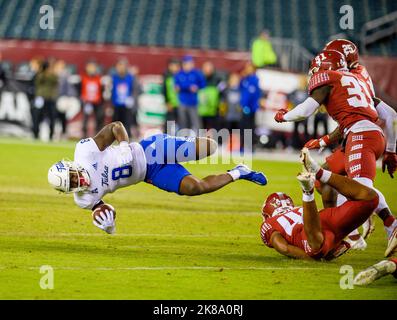 Philadelphia, Pennsylvania, USA. 21. Oktober 2022. 21. Oktober 2022, Philadelphia PA- Tulsa RB, DENERIC PRINCE (8) in Aktion während des Spiels gegen die Tempeleulen im Lincoln Financial Field (Foto: © Ricky Fitchett/ZUMA Press Wire) Stockfoto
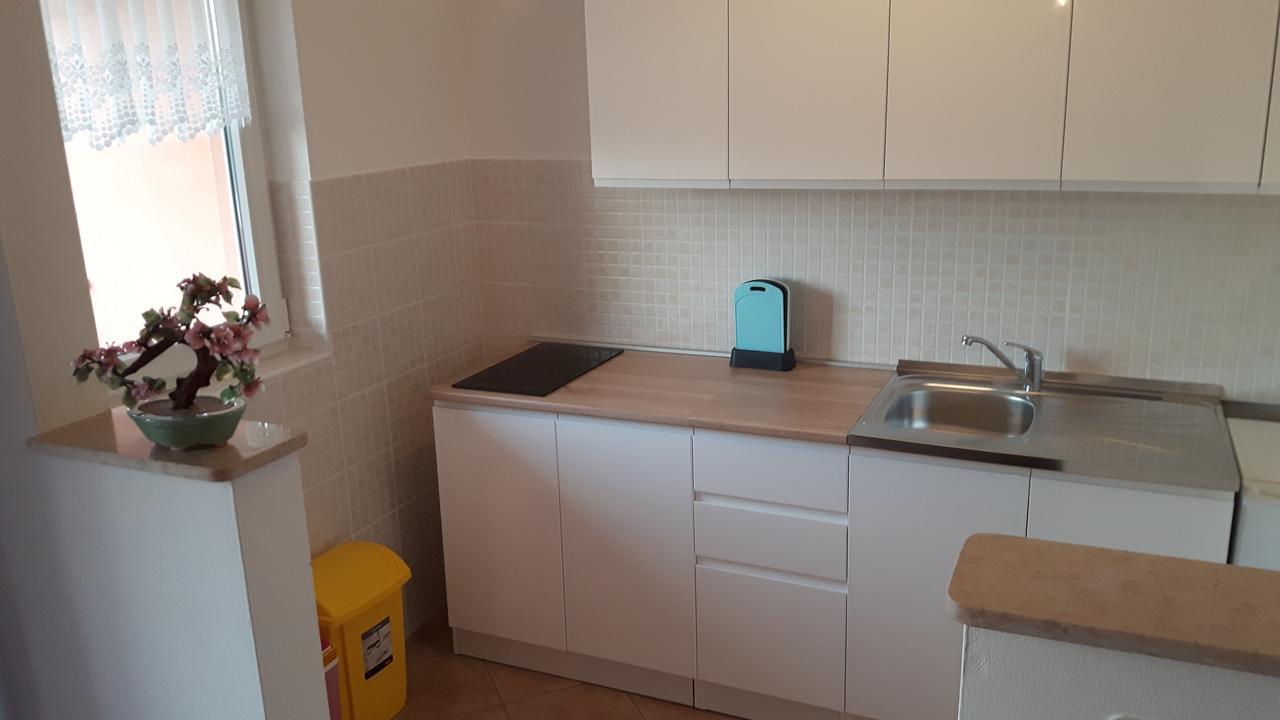 פורץ Apartment Ivan מראה חיצוני תמונה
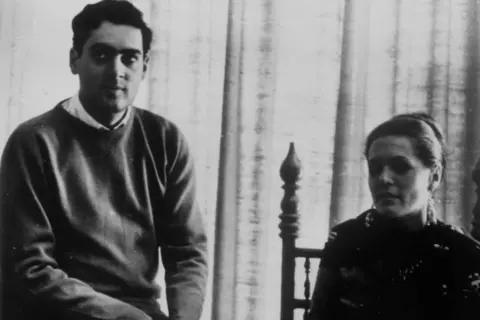 Keystone/Getty Images Rajiv Gandhi with his fiancee Sonia Maino, in Palam Airport, New Delhi.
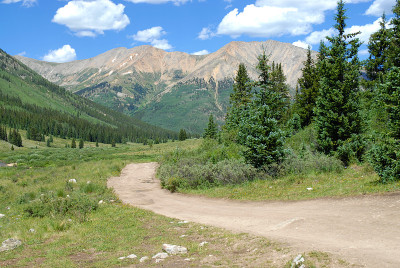 在科罗拉多州的落基山脉徒步旅行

▸ What is expected
Would it be possible to reproduce the material word for word, images omitted?

▸ Written solution
 Philadelphia, Pennsylvania, USA. 21. Oktober 2022. 21. Oktober 2022, Philadelphia PA- Tulsa RB, DENERIC PRINCE (8) in Aktion während des Spiels gegen die Tempeleulen im Lincoln Financial Field (Foto: © Ricky Fitchett/ZUMA Press Wire) Stockfoto
 פורץ Apartment Ivan מראה חיצוני תמונה
 Keystone/Getty Images Rajiv Gandhi with his fiancee Sonia Maino, in Palam Airport, New Delhi.
 在科罗拉多州的落基山脉徒步旅行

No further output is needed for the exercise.